Одним из его первых воспоминаний было, как он стоит у коленей матери, а она гладит его по волосам и говорит, что он вырастет большим, красивым и сильным, как его брат Уильям. Он тогда подумал, что вырасти большим и сильным замечательно, но кто такой его брат Уильям, ведь он его не знает? Еще она сказала, что его старший брат – сын короля и не может жить с ними, потому что должен воспитываться при дворе. Гуго был еще мал и решил, что иметь брата королевской крови, а через него связь с самим королем интересно и восхитительно. Он был слишком мал, чтобы задуматься, почему ни разу не видел Уильяма, и слишком покладист, чтобы задавать непростые вопросы. Так устроен мир, вот и все. Мать редко говорила об этом мифическом существе, но, когда говорила, казалось, Уильям способен озарить ее мир своим присутствием.
Однако недавно восприятие Гуго начало меняться. Ходили смутные разговоры о возможном визите царственного брата. Отец мельком упомянул, что собирается устроить встречу, но противостояние Лонгчампа и графа Иоанна и последующее пленение короля все оборвали. Предвкушение, волнение и любопытство, вызванные мыслью о долгожданной встрече с этим величественным созданием, отошли на задний план. Гуго вступал в пору юности, и перед ним забрезжило новое понимание.

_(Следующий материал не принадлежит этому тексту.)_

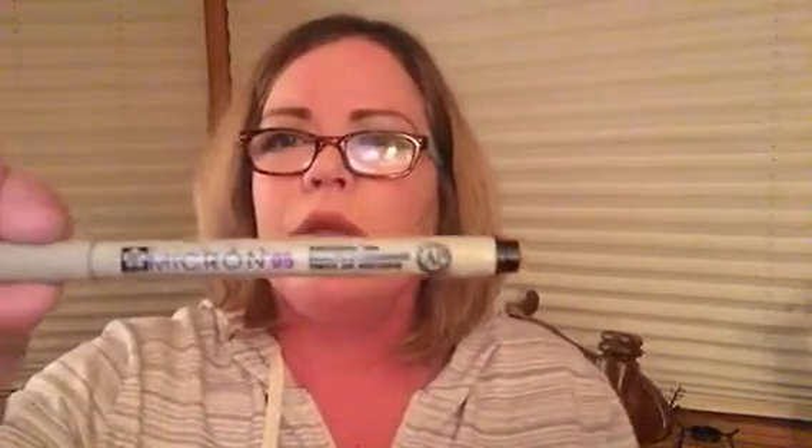I picked up these pens — the package says they do not bleed through. They were $9.99 for three, but they're very fine-tipped. They're made by a company called Micron and they come in sizes 05, 01, and 03. I had learned of these pens from someone on YouTube. They came three in a pack, so I got these for $4.99 and I was happy about that.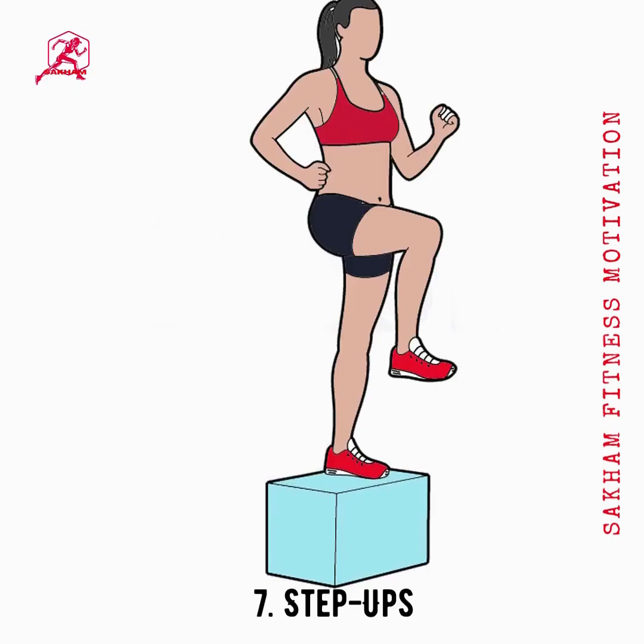Stand with your back straight and both feet on the ground. Step up with your right foot and bring your other foot up to join it on the step. Next, place your right foot down followed by your left, returning to the starting position. Repeat the same process at a faster speed. Do it 30 times.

Прежде чем выносить ребенка, женщина должна лечь с мужчиной. Следовательно, его мать лежала с королем точно так же, как лежит с его отцом, и точно так же, как доярка Альфреда лежала с конюхом Марком, отрастив в результате живот размером с полную луну. При этой мысли Гуго содрогнулся. Неужели его мать действительно совокупилась с королем? Он не хотел в это верить, но это должно быть правдой, иначе откуда бы взялся его брат, сделанный, по общему мнению, из столь доброго теста… похоже, ставший заложником вместе с Роджером Биго. Эта новость тоже пробудила тревогу. Связь Гуго с отцом была глубокой и крепкой, но что, если разлука ослабила ее? Что, если старший брат захватил его место?
Внезапно за бочками раздался шум – Тиб с рычанием метнулся, чтобы вцепиться зубами в огромную крысу, а потом бросил ее. Издыхающий грызун приземлился на Гуго. Мальчик с визгом вскочил и отшвырнул мерзкую тварь. Тиб снова прыгнул, повторил маневр и отступил, глядя на хозяина. Пес энергично размахивал хвостом и широко ухмылялся коричнево-белой пятнистой мордой.

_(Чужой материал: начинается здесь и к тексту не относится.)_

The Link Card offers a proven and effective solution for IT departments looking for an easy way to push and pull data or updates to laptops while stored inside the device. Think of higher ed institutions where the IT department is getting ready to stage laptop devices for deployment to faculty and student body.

– Хорошая собака, – похвалил Гуго, несмотря на шок, и вытер вино с груди.
Крыса оказалась беременной самкой и весила намного больше, чем обычная. Гуго поднял ее за чешуйчатый хвост, вынес из подземелья и бросил в мусорную кучу, подумав, что его старший брат наверняка не делал ничего подобного. И наверняка не спускался в подвал, чтобы выпить вина из протекающей бочки.
Гуго прогулялся с собакой внутри замка и остановился посмотреть на каменщиков за работой, хотя сегодня его не слишком тянуло к ним. Александр тоже наблюдал за каменщиками, закатанные из-за жары рукава вновь открывали его шрам.
– Мать искала тебя, – сообщил он. – Она отправилась в церковь, чтобы помолиться о благополучии твоего отца и брата.
Гуго уставился в землю. Александр ободряюще положил руку ему на плечо:
– А ты неплохо справляешься со взрослыми заботами, паренек.
Гуго поднял глаза, ожидая увидеть снисхождение, но взгляд Александра был прямым и искренним, несмотря на неизменную веселость.
– Отец гордился бы тобой… Мать точно гордится. – (Гуго выпятил подбородок.) – У тебя вдоволь храбрости, потому что ты пошел в обоих родителей. Таких смелых людей, как они, совсем немного… Ты поймешь почему, когда подрастешь.
– А в кого пошел мой брат? – спросил Гуго.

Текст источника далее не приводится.